“The aim of the CM reforms is to encourage and support more families to make their own collaborative arrangements and to deliver a more efficient and effective statutory service to those who really need it. This is delivered by promoting the financial responsibilities that parents have for their children and by providing information and support about the different child maintenance options that are available through CM Options.”
So says the Department for Work and Pensions (DWP) in its latest quarterly release of statistics for “children benefiting from an effective family-based maintenance arrangement secured after contacting Child Maintenance Options”, as of the end of December 2015.
For the benefit of those who don’t know, Child Maintenance Options (usually reduced to ‘CM Options’) was set up in 2008 to “provide free impartial information and support to help parents make informed choices about child maintenance”. However, its function has changed subtly but significantly since then. Whereas initially it was a service that you could choose whether or not to use, now contacting it is mandatory if you wish to make an application to the Child Maintenance Service (CMS) for a statutory child maintenance arrangement. In other words, CM Options is part of the government’s policy to encourage people not to use the government body that deals with child maintenance/support applications (now the CMS, formerly the Child Support Agency).
The statistical release was published on 20 April. Somewhat confusingly, on 27 April the DWP published further statistics relating to child maintenance, this time experimental statistics for the 2012 CMS scheme. To add to the confusion, this second set of statistics is described as quarterly, but covers the period from August 2013 (essentially when the 2012 scheme opened) to February 2016.

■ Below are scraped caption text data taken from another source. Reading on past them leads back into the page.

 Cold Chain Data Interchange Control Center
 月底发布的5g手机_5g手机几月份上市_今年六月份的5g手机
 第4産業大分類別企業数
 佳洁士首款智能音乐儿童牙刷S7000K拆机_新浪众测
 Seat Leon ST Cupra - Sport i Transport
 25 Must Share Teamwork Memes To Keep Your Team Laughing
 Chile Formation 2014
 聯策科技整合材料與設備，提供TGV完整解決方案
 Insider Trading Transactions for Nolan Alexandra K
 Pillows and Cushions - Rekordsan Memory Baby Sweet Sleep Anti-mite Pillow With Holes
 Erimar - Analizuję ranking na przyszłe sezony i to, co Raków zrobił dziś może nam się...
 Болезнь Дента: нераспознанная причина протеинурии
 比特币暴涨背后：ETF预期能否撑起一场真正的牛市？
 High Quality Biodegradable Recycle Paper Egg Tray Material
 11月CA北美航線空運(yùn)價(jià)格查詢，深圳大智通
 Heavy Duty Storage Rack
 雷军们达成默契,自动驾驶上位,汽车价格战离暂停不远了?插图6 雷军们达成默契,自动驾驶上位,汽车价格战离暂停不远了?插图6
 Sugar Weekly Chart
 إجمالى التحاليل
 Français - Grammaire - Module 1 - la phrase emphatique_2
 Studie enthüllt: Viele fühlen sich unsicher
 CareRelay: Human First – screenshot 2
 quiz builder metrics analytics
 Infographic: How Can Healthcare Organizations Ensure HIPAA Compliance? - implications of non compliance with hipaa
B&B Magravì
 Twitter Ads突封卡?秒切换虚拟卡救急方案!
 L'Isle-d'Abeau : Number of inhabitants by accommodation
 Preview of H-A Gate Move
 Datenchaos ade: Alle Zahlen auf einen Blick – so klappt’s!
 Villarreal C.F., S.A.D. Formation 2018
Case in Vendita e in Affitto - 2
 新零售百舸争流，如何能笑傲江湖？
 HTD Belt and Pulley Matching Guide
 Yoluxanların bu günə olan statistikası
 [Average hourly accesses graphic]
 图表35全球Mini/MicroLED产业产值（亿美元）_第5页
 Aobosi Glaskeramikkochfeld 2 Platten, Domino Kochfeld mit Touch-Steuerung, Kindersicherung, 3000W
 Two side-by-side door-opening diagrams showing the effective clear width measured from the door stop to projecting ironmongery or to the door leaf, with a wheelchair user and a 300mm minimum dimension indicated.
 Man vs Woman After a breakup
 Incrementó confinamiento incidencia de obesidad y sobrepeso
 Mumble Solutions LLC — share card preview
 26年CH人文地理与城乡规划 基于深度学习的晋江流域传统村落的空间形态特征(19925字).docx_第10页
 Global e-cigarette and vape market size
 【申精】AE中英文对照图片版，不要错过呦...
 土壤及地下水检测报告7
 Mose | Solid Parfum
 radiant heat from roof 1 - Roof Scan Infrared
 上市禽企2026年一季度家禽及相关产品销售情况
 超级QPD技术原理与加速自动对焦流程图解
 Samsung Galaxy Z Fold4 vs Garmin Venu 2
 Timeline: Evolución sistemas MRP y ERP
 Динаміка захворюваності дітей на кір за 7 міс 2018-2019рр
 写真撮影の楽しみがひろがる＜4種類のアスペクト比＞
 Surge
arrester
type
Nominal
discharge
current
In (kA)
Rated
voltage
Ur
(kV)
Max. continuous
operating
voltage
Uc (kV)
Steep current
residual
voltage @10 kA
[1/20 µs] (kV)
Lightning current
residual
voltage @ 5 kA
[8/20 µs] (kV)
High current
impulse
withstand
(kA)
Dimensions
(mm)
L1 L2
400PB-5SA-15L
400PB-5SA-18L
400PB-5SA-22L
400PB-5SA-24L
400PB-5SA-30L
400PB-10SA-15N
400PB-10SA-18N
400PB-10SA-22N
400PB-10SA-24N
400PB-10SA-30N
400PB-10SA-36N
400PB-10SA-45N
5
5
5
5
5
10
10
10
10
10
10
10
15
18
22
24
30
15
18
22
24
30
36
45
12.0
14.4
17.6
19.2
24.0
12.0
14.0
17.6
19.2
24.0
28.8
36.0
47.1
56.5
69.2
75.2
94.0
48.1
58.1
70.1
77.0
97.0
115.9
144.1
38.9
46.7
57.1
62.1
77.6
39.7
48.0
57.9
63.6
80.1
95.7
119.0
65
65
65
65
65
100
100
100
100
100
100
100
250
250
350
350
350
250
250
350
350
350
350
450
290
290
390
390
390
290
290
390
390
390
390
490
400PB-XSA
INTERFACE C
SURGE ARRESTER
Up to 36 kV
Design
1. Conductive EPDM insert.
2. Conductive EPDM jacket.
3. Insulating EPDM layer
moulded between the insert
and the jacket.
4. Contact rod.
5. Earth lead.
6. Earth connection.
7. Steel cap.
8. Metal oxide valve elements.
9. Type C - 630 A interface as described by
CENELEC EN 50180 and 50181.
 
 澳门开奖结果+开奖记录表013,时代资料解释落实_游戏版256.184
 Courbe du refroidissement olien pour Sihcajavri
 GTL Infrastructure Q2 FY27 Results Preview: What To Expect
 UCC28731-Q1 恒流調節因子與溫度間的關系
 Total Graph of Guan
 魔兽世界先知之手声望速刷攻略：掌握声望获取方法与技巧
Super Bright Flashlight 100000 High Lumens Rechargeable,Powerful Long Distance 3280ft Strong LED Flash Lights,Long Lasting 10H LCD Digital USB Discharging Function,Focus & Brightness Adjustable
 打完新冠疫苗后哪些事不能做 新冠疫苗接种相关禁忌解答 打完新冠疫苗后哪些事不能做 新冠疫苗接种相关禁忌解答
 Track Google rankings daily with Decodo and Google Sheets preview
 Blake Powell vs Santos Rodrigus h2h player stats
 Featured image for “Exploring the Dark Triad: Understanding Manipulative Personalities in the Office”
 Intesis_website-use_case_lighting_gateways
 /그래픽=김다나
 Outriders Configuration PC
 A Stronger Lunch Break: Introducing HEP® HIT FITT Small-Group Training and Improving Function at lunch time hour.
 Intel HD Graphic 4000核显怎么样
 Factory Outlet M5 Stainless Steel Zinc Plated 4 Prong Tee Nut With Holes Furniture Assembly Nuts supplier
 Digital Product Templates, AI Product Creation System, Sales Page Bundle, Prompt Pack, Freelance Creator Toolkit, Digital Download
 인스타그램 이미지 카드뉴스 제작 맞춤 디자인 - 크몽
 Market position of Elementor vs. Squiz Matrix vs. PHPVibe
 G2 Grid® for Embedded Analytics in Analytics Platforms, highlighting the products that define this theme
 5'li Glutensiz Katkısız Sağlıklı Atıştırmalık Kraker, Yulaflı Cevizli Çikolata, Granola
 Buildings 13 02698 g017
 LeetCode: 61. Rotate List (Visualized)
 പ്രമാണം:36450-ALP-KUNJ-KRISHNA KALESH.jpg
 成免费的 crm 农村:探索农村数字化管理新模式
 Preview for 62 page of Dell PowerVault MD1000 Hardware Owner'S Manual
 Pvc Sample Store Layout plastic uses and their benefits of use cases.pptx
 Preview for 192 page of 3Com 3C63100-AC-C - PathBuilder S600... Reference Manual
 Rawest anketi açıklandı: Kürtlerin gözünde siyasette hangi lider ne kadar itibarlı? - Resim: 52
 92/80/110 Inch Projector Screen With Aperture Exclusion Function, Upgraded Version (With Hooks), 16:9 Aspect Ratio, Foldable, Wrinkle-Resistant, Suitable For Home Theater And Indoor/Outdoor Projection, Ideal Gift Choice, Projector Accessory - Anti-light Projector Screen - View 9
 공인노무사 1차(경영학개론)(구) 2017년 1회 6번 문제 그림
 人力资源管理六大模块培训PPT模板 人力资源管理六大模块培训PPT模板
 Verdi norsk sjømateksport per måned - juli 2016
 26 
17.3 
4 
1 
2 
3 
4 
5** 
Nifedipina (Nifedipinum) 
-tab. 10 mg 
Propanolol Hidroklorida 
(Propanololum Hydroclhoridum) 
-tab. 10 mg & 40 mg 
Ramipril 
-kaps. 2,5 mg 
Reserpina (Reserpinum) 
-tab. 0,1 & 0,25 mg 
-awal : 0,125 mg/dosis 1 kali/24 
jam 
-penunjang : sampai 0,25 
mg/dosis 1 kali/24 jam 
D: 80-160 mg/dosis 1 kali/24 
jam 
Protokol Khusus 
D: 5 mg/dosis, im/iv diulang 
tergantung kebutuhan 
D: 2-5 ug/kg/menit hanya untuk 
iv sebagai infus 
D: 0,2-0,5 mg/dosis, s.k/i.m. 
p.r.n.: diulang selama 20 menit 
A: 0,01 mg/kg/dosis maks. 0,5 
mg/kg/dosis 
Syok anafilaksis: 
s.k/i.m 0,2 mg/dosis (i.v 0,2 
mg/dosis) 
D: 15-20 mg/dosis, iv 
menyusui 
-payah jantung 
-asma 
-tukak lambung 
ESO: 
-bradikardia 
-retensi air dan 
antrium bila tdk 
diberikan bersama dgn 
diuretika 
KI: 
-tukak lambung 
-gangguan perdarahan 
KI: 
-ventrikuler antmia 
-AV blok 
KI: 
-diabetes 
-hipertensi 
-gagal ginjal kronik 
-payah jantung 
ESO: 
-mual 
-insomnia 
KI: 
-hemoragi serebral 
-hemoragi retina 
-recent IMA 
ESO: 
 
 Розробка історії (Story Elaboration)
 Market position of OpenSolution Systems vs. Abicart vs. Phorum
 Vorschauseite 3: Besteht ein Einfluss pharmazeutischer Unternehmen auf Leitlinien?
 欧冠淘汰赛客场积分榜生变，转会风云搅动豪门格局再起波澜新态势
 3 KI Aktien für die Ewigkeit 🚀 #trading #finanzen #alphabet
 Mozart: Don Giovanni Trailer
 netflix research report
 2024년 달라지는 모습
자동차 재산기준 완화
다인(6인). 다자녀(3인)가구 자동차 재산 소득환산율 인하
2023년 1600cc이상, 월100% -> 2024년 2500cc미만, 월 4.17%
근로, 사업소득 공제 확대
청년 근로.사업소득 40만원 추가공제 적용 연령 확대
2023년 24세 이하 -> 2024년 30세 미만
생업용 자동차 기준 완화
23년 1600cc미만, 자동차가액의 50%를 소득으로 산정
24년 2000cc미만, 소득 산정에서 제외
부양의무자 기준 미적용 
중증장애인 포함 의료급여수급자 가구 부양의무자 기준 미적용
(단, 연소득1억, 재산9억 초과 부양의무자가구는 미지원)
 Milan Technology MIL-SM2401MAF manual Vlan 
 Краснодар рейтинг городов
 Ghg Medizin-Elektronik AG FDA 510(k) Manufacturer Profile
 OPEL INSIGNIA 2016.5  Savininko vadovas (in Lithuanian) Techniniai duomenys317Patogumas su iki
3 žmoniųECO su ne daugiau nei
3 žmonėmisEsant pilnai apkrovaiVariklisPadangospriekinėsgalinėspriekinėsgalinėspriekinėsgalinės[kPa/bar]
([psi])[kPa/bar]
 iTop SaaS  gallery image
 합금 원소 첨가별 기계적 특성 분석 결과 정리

I don’t propose to go through any of the statistics in either release here (if you are interested, links to the two releases can be found at the end of this post). In fact, I am not actually sure I care about the statistics, for the simple reason that I don’t trust the motivation behind them. Statistics such as these should be entirely impartial, but I just feel that these are just being produced by the government with the specific aim of painting a rosy picture of how well the government’s reforms to the child support/maintenance system are working. To put it bluntly, it is all just spin.
Let us go back to that quote at the beginning of this post:
“The aim of the CM reforms is to encourage and support more families to make their own collaborative arrangements and to deliver a more efficient and effective statutory service to those who really need it.”
We have to remember the debacle that came before the CMS. Ever since the government of the day had the bright idea to do away with child maintenance through the courts and introduce a separate child support maintenance system, that system has been a continual embarrassment for all succeeding governments. It has been an ugly running sore: totally failing many of the children it was intended to help, and running up billions of pounds in unrecoverable arrears in the progress. Those succeeding governments tried to do something about the problem that they inherited, but their efforts to make the system work made little or no difference.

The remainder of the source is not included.